But just like everything else you buy, you need to do "your" homework before you buy. This is true from buying a house or car down to buying a tub of margerine. 

[The auctions claimed that each car was hand made in the 40s. I sure didn't believe the 40s story as from the photos I could see that the cars didn't show that kind of age and I have read that Lehmann started selling G in 1968 starting G gauge model railroading and I figured that the guy they were selling for didn't predict the future creation of G and made the cars the proper size in the 40s. And most of the cars obviously had factory trucks and wheels and it looked like the trucks were from Bachmann. But I bid on the auctions to get the cars as starts for projects.] 

You knew enough to be able to tell the cars were not what they were advertised to be, but you still bit on the bait instead running. 

I have no symathy for you and believe E-Bay did the right thing.


----------



## Greg Elmassian (Jan 3, 2008)

I have some sympathy for the fact you are upset, but I agree totally with Randy. You knew something was fishy, no one built this stuff in the 40's to this scale and gauge. 

I agree the wording was misleading, but you could have asked a question right on ebay if you had any concerns. 

Multiple negatives were your downfall I believe, ebay took it as an overreaction. 


Greg


----------



## armorsmith (Jun 1, 2008)

The reason I stopped doing any business with eBay is exactly what is eliding to. It doesn't matter what the truth is, eBay is going to protect the seller. Negative feedback on eBay is a joke, because you can't leave it and have it stick. A 100% positive feedback rating is useless as far as I am concerned, because EVERYBODY HAS ONE! i have had similar experiences to Doug and have no faith in the feedback. Is every seller unscrupulous, certainly not. But I don't have the time or the funds to put into parsing out the good ones. Now I purchase from reputable vendors (ie, RLD Hobbies, etc), or from those here and on other forums, where I have gotten to know the caliber of people I am dealing with. In some ways, eBay is denying honest sellers buyers that have gone other places due to their policies. 

My tuppence worth. 

Bob C.


----------



## Steve S. (Jan 2, 2008)

Posted By bmwr71 on 28 Jul 2012 02:05 AM 
It has been my experience buying stuff on ebay for over 14 years that it is a big gamble and ebay does tend to take care of those that pay the fees and provide the goods to sell, their sellers

-----------------------------------------------------------------------------------------------------------






Simple question: If you have felt this way about E Bay for 14 years, why do you keep buying there ??


----------



## jbwilcox (Jan 2, 2008)

From the desciption it sounds like the ORIGINAL CAR was built in the 40's, not the model.

John


----------



## Totalwrecker (Feb 26, 2009)

Heck I'm still in awe that you get 2 wheels per axle... Sounds perfect to me! 

I like it much better when one seller is pitted against another, rather than a buyer having to out bid another... 

John


----------



## Brandon (Jul 6, 2011)

I decided to write the seller about an O gauge "vintage mid 1900's hand built" car, here's what they wrote back. 

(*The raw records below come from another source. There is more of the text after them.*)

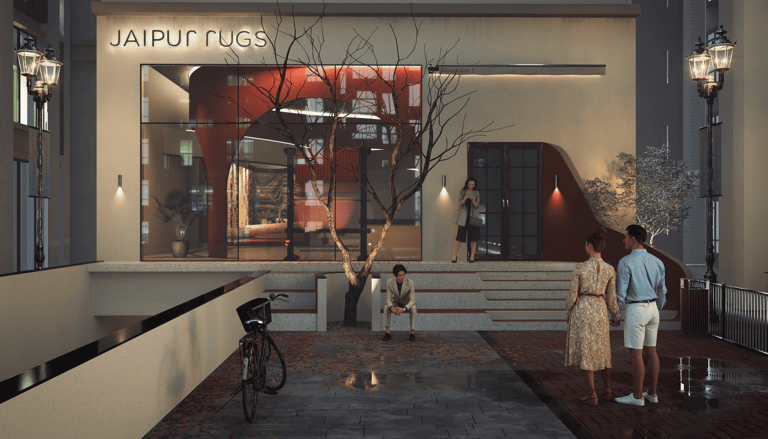A concept Idea of an Entrance to Jaipur Rugs' showroom, with a dried up tree in front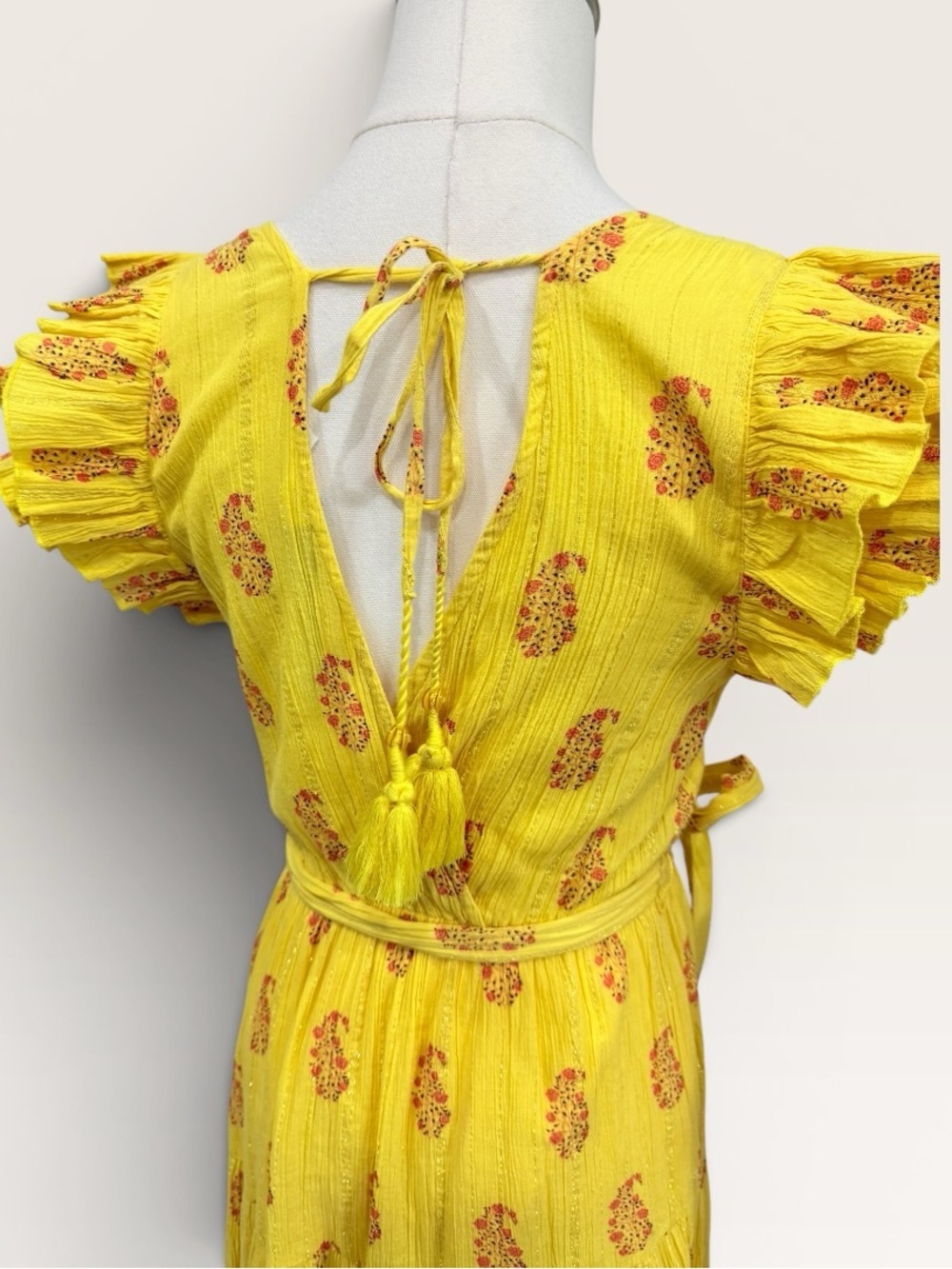 A loves A Daisy Yellow Floral Metallic V-Neck Ruffle Sleeve Tiered Maxi Dress - Picture 6 of 12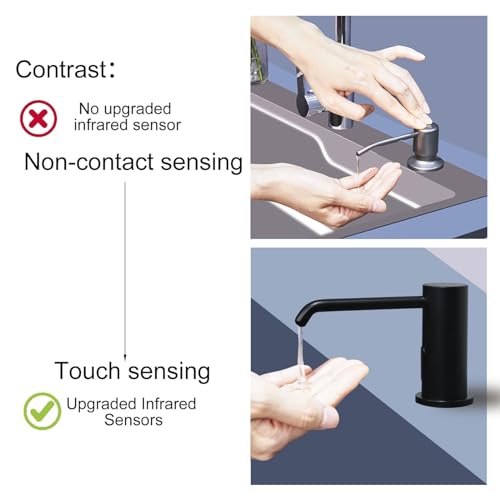 Automatic Soap Dispenser for Kitchen Sink, Matte Black Touchless Built-in Liquid Soap Dispenser with 33.81oz/1000ml Motion Activated No Touch Sanitizer Dispenser for Bathroom with High Capacity - color: Black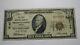 $10 1929 Brownstown Indiana In National Currency Bank Note Bill Charter #9143 Vf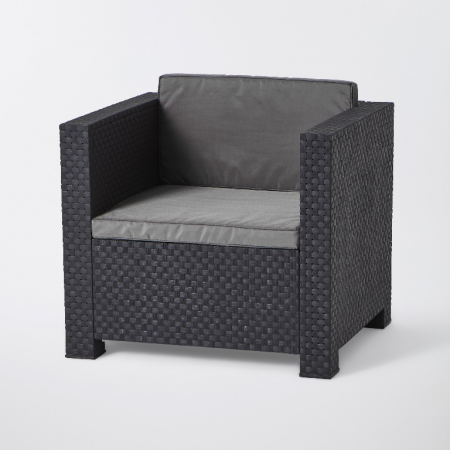 Set mobilier grădină, canapea + masă + 2 fotolii, culoare gri [2]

"Hello. Thank you for your interest in this item. This is part of a larger collection of trains we've been selling for a consignor. The consignor is a +90 year old rail hand, who made most of his trains. Most were built during the mid 1940-1960's. Hope this helps. Best regards,"


----------



## GN_Rocky (Jan 6, 2008)

Can you post pictures of these cars you bought that were "hand made" in the 40's ???
Perhaps the original owner who built them may have made them to go with the old tinplate stuff of the Era. As I recall, the tinplate models were larger than O scale and close to g scale.

But seriously, G scale didn't exsist publicly in the 40's. So why did you go thinking and buying something that didn't exsist ???
IF you have questions about something on evil bay, come and ask folks here first B-4 jumping into buying things. Folks here will answer 
questions to help out. we have quite a variety of knowledge of what is and was made.


Rocky


----------



## rdamurphy (Jan 3, 2008)

G scale didn't exist, but 1 Gauge did... 

Robert


----------



## norman (Jan 6, 2008)

Hi Doug:

Unfortunately, you are not going to receive any compassion from the folks on this forum !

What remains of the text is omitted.